Please print, exactly, only the lines in the entries below from the line that has "Mercedes GLA I" through the line that has "El truco de". Pictures don't go in.
+++ THE DATA +++
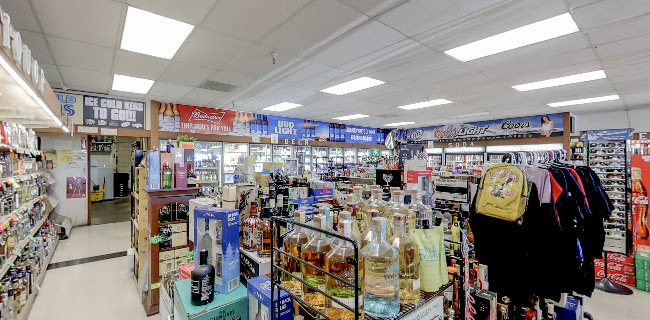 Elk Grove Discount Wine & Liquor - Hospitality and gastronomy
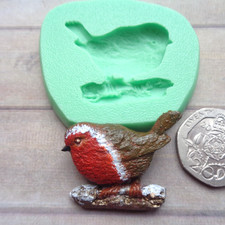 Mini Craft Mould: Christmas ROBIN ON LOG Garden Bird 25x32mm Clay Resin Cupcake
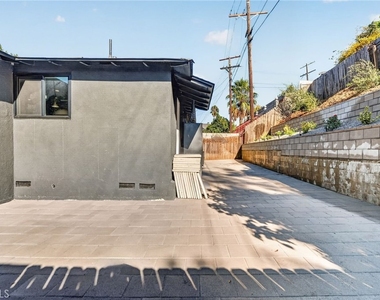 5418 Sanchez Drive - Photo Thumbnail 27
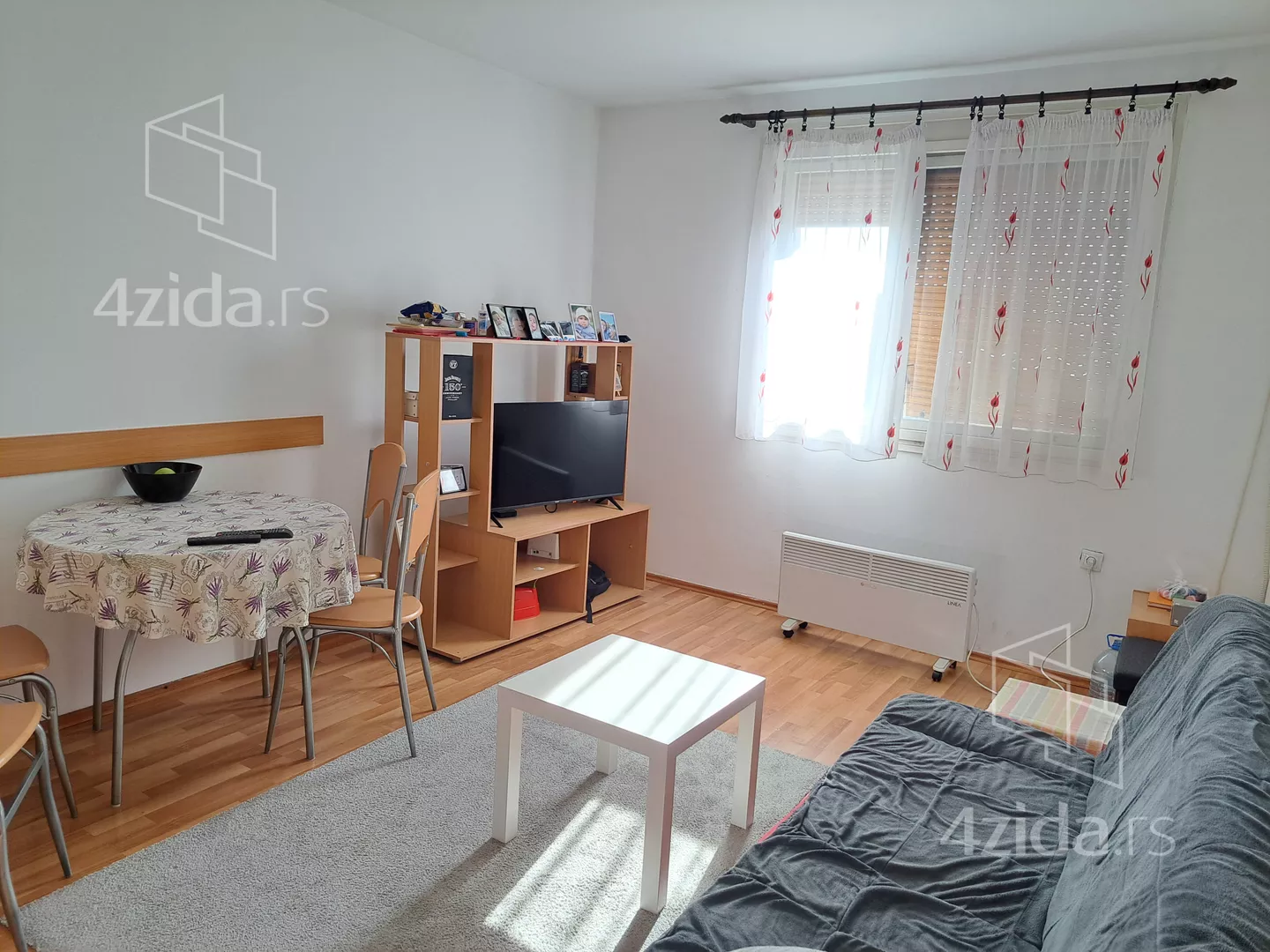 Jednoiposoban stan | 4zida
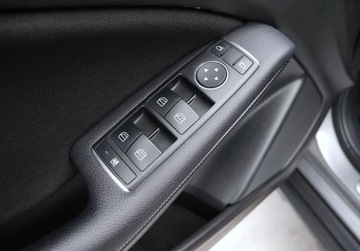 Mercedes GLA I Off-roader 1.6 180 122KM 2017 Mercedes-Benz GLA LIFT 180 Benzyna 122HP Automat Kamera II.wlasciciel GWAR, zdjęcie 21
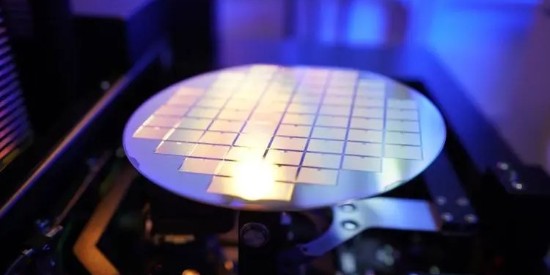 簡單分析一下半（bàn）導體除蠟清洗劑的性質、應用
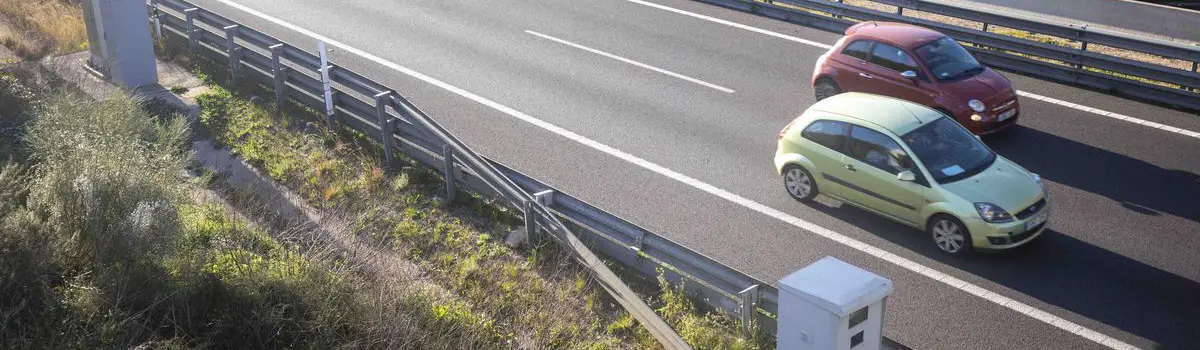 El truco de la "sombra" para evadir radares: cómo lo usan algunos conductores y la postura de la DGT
+++
+++ THE DATA +++
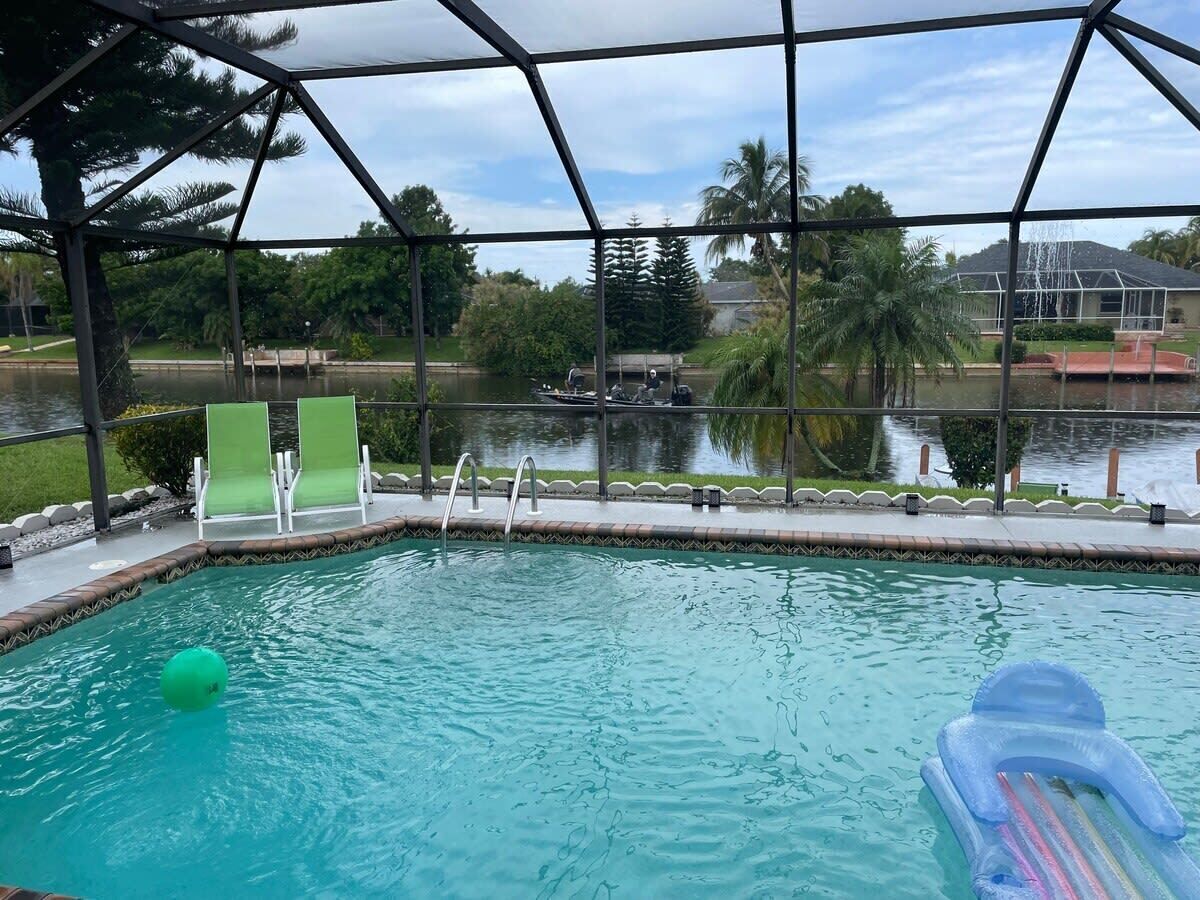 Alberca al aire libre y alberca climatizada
+++
- [THE COMPLETED TASK]:
 Mercedes GLA I Off-roader 1.6 180 122KM 2017 Mercedes-Benz GLA LIFT 180 Benzyna 122HP Automat Kamera II.wlasciciel GWAR, zdjęcie 21
 簡單分析一下半（bàn）導體除蠟清洗劑的性質、應用
 El truco de la "sombra" para evadir radares: cómo lo usan algunos conductores y la postura de la DGT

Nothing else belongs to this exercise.